*About this exercise*
When you reach the line containing "Santé mentale et", begin reproducing the material exactly, stop after the line containing "CONJUNTO SOFA MADERA DE ACACIA", and leave out any pictures along the way.

*Information provided*
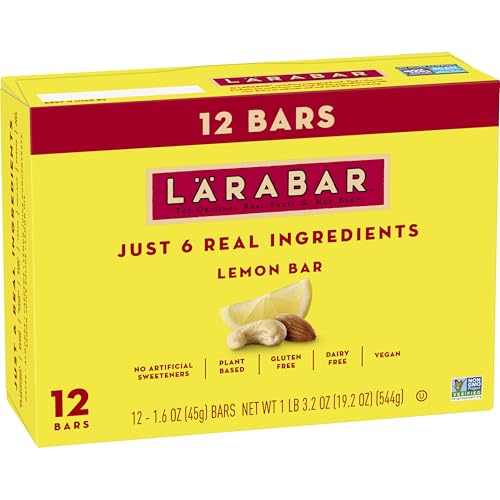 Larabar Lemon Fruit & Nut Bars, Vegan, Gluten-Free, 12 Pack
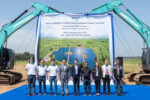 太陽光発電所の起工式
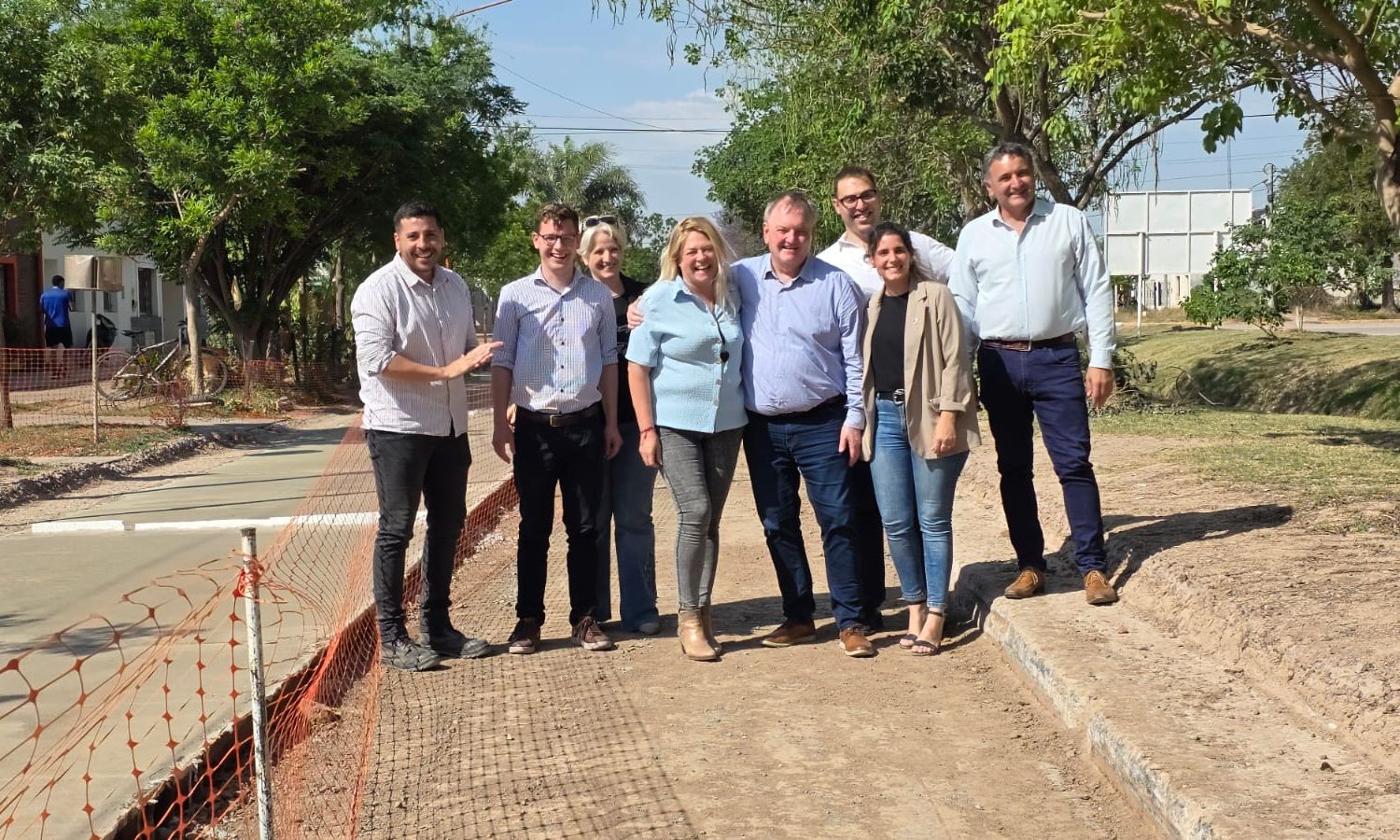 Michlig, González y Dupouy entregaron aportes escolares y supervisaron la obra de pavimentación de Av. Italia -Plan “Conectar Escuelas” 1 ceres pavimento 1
...
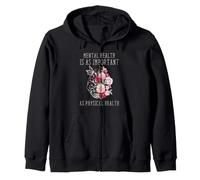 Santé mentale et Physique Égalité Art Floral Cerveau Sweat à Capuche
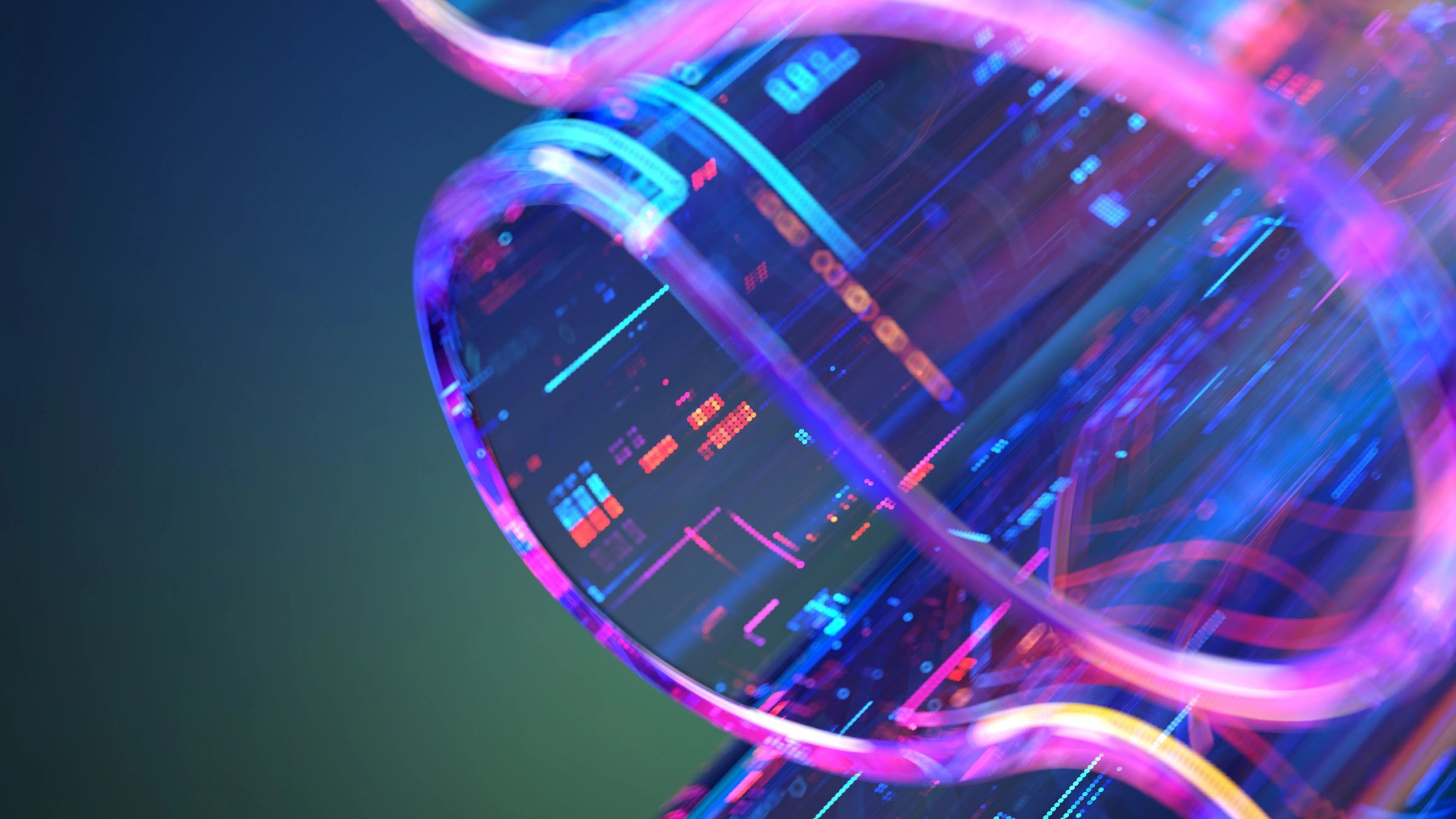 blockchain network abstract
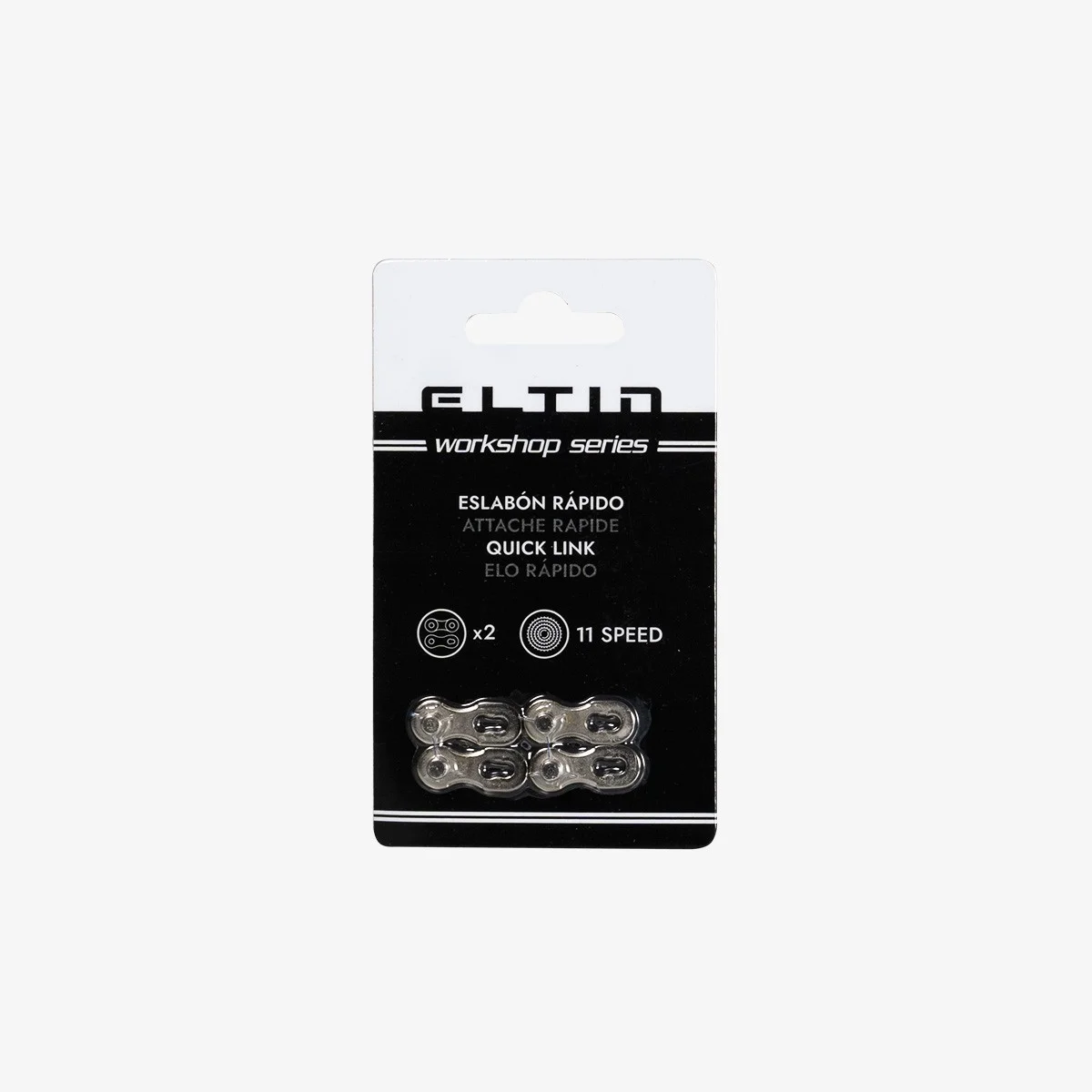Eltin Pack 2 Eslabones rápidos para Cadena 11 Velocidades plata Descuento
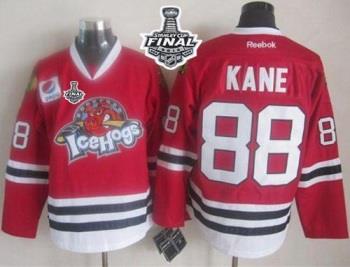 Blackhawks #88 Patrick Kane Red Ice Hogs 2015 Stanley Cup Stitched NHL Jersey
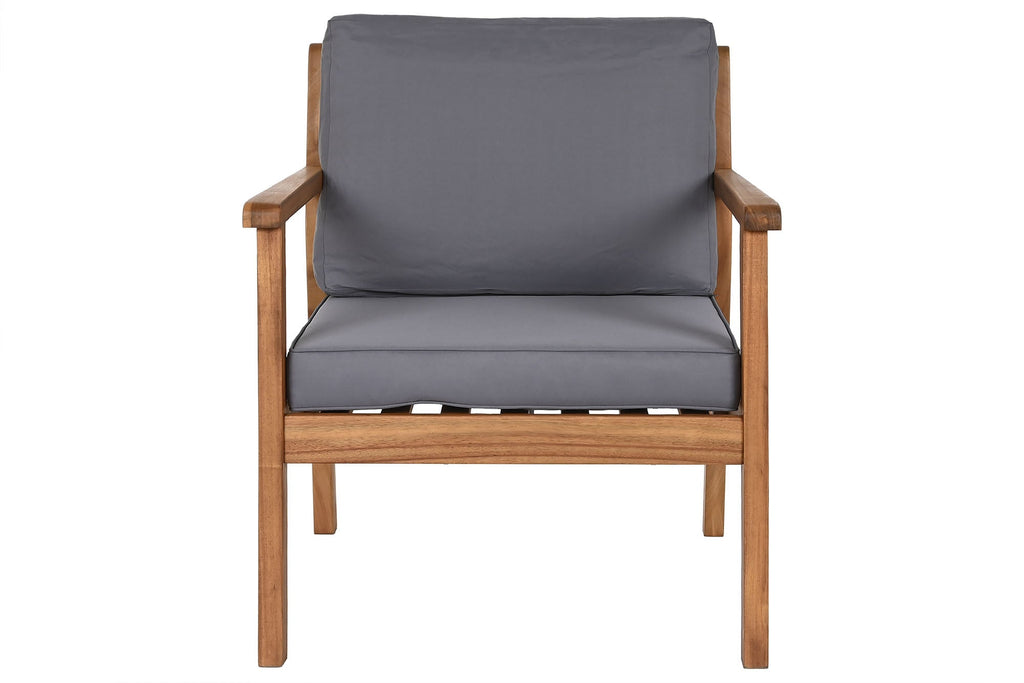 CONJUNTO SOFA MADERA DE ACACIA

*Answer to the problem*
 Santé mentale et Physique Égalité Art Floral Cerveau Sweat à Capuche
 blockchain network abstract
Eltin Pack 2 Eslabones rápidos para Cadena 11 Velocidades plata Descuento
 Blackhawks #88 Patrick Kane Red Ice Hogs 2015 Stanley Cup Stitched NHL Jersey
 CONJUNTO SOFA MADERA DE ACACIA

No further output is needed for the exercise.